● **Image-caption web data**
▬▬▬

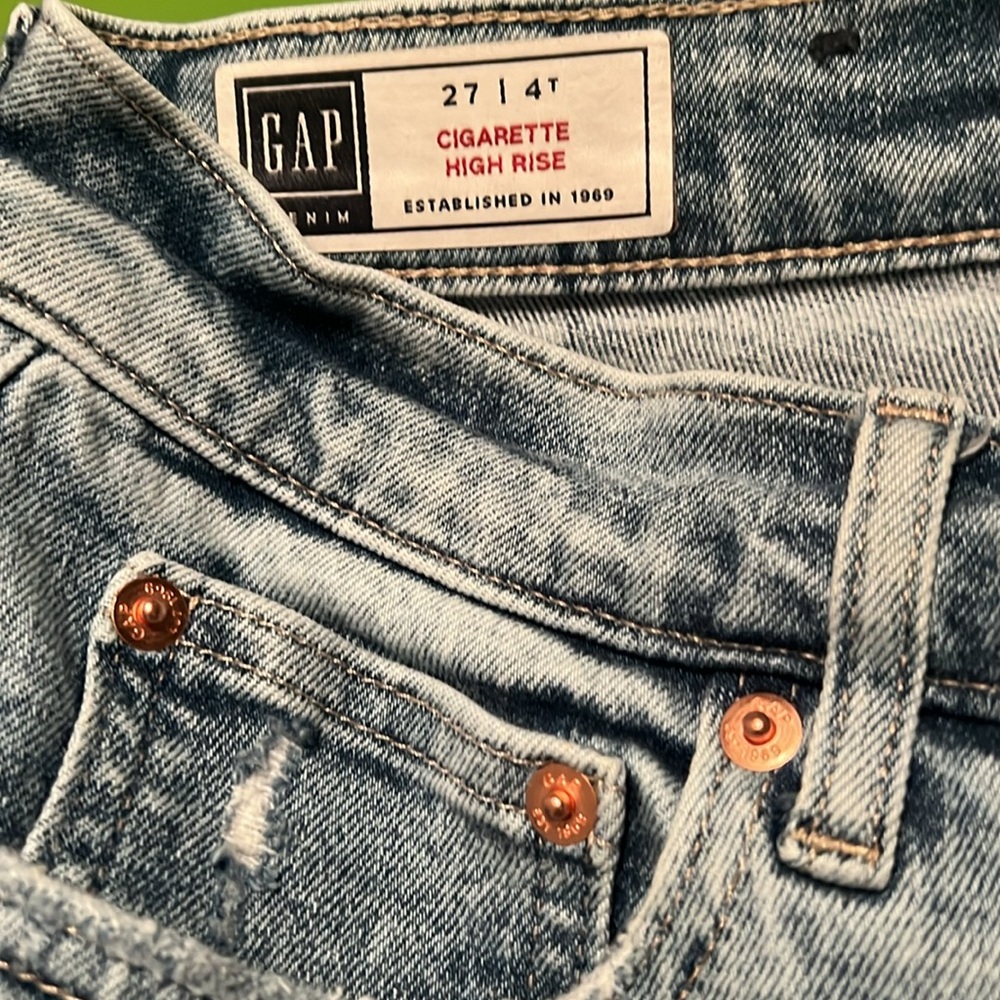 4T 27 GAP Cigarette High Rise SLIM STRETCH faded LIGHT  Jeans factory fray edge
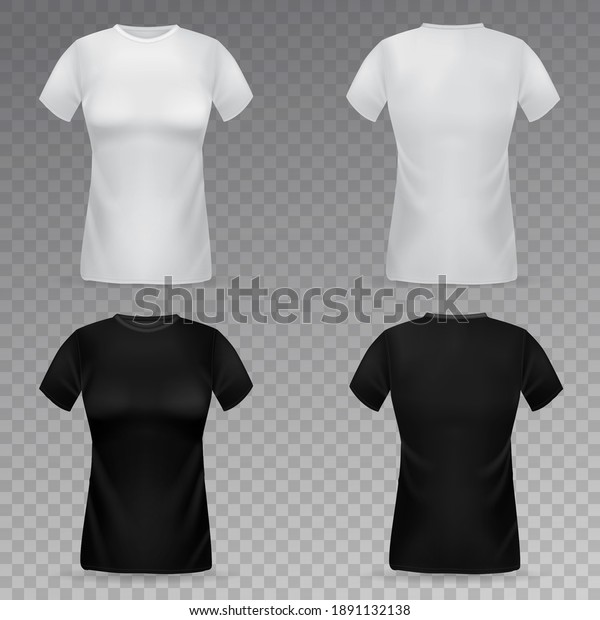 Women Tshirt Mockup Realistic Black White Stock Vector Royalty Free 1891132138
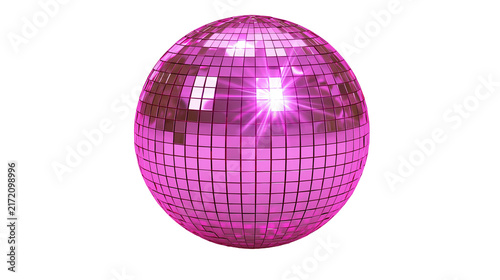 Cuadro en lienzo Pink disco ball with square mirror tiles, isolated on transparent background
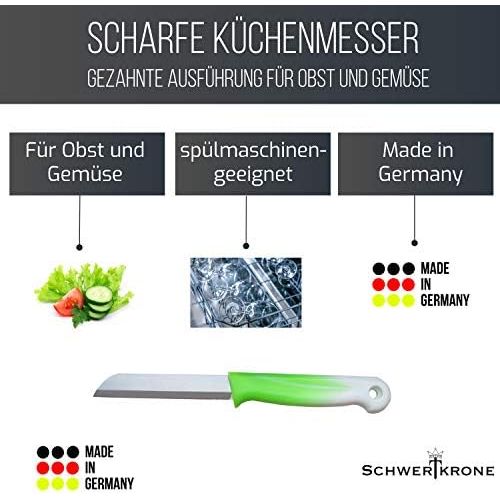  [아마존베스트]Schwertkrone 6 Kitchen Knives Serrated Edge Knife Set Solingen Vegetable Knife Sharp Serrated / Wave / Paring Knife Fruit Knife Utility Knife Band Steel 8.5 cm Blade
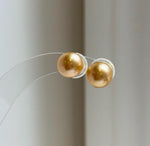 Elly’s 9.5mm Genius natural South sea Deep Gold ocean Pearls Earrings studs: Extreme luster, S925 silver minimalist earrings studs.daily office golden ocean pearls earrings studs for her Mother’s Day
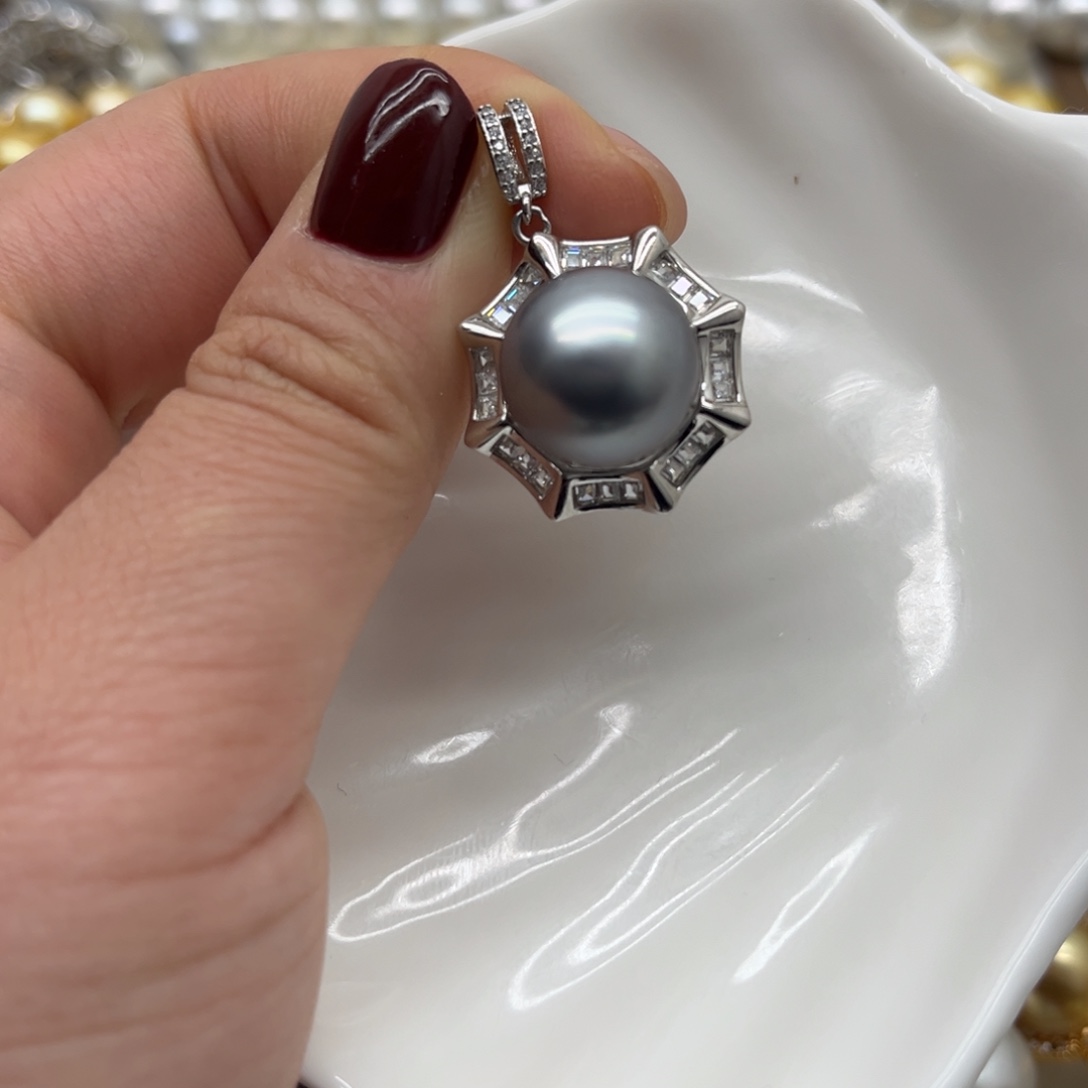 银S925镶嵌吊坠(不含链)海水珍珠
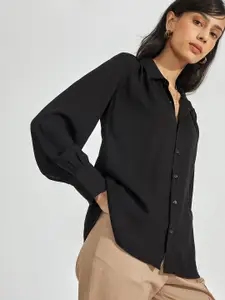 The Label Life Women Black Shoulder Gathered Casual Shirt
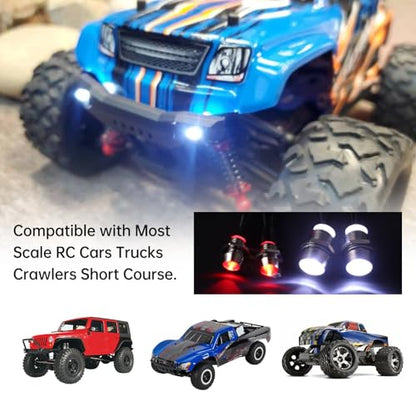 RC Car Lights 4LEDs Headlights Taillight Kit Compatible with Traxxas HSP Tamiya Redcat RC4WD Axial SCX10 RC Car Truck Crawler Drift On Road Touring Cars (2 Red +2 White)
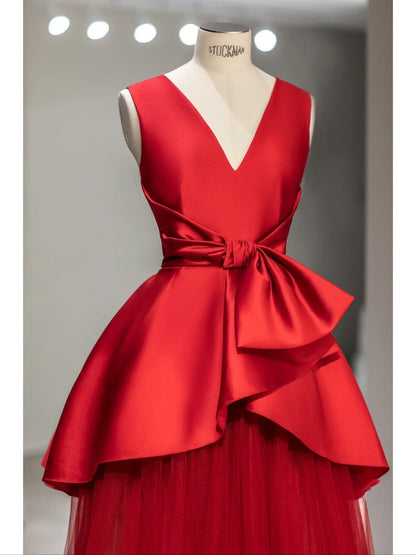 Robe de bal élégante col en V tulle rouge satin longues robes de bal Inspo Tenues de soirée RB4011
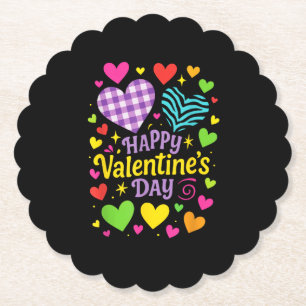 Happy Valentine's Day - Hearts Love Paper Coaster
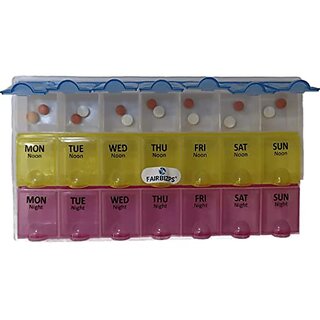 FAIRBIZPS Pill Medicine Organizer Reminder Storage Box 7-Day Medicine Planner Tablet Storage Container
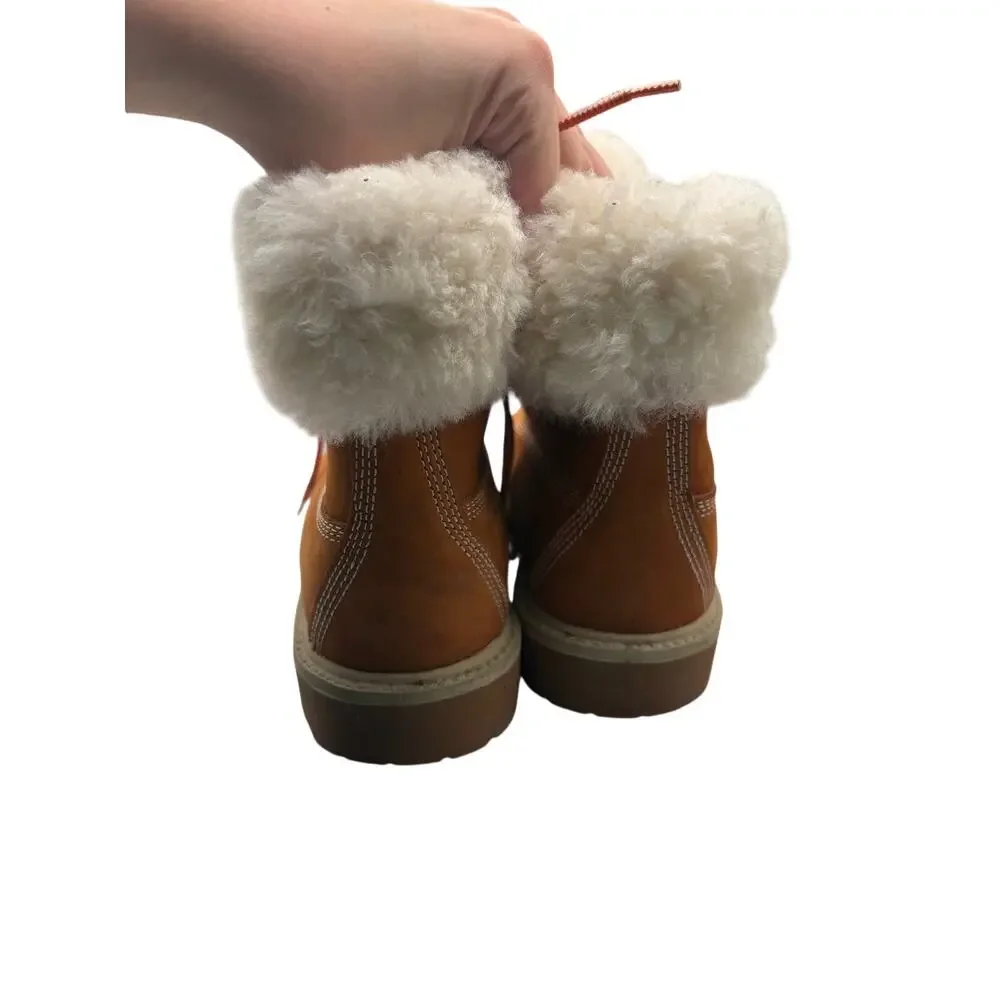 Life Outdoors Brown Leather Faux Fur Lace Up Winter Boots Women’s 7.5 Winter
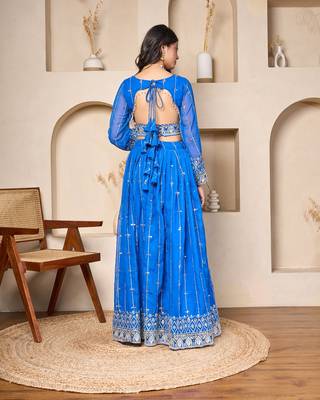 royal blue embroidered georgette lehenga set with net dupatta 3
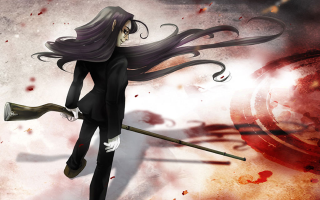 Woman gothic eldritch blooded knife - a black outfit holding free wallpaper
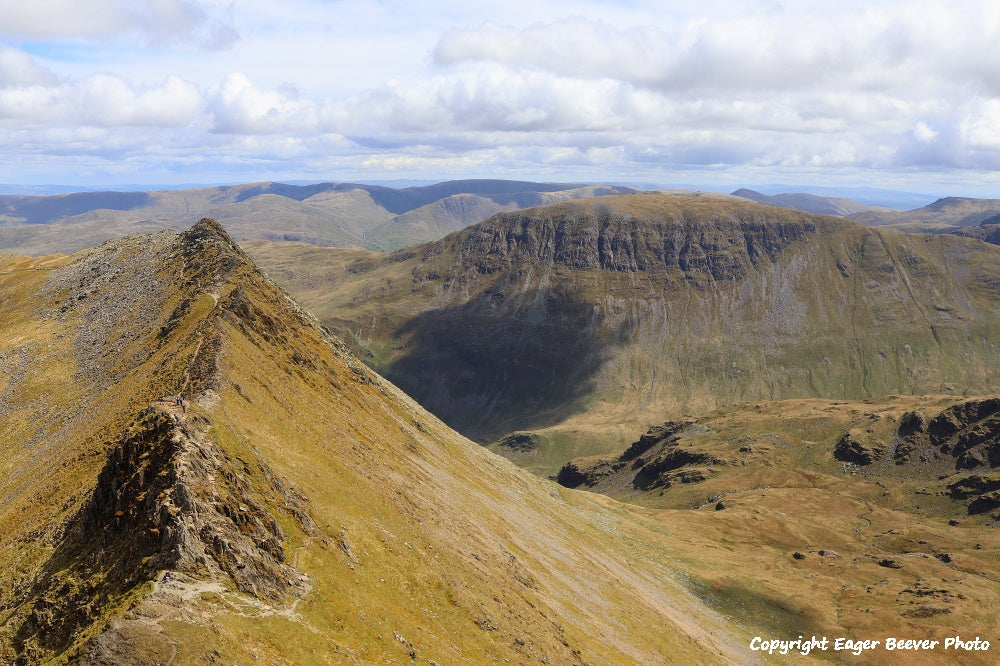 Helvellyn Striding Edge & Swirral Edge Lake District Cumbria UK Landscape art and home office décor by Artist and Photographer Christopher Beever Available as a S to XXXL, Canvas, poster, aluminium, wooden, Acrylic, framed, print, wall art or as a Cushion, sofa throw, blanket & More in the Eager Beever Printing Shop. 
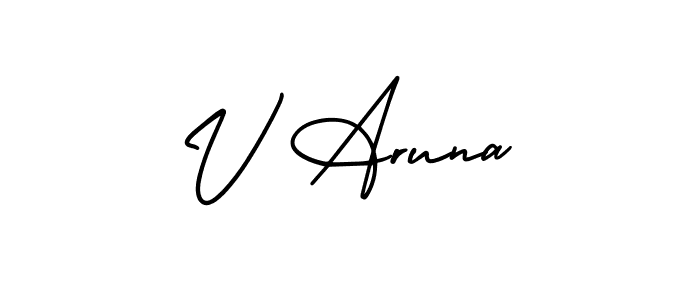 Check out images of Autograph of V Aruna name. Actor V Aruna Signature Style. AmerikaSignatureDemo-Regular is a professional sign style online. V Aruna signature style 3 images and pictures png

▬▬▬

Using the entries above, transcribe every line from the line containing "[아마존베스트]Schwertkrone 6 Kitchen" through the line containing "The Label Life". Do not copy pictures.

  [아마존베스트]Schwertkrone 6 Kitchen Knives Serrated Edge Knife Set Solingen Vegetable Knife Sharp Serrated / Wave / Paring Knife Fruit Knife Utility Knife Band Steel 8.5 cm Blade
 Elly’s 9.5mm Genius natural South sea Deep Gold ocean Pearls Earrings studs: Extreme luster, S925 silver minimalist earrings studs.daily office golden ocean pearls earrings studs for her Mother’s Day
 银S925镶嵌吊坠(不含链)海水珍珠
 The Label Life Women Black Shoulder Gathered Casual Shirt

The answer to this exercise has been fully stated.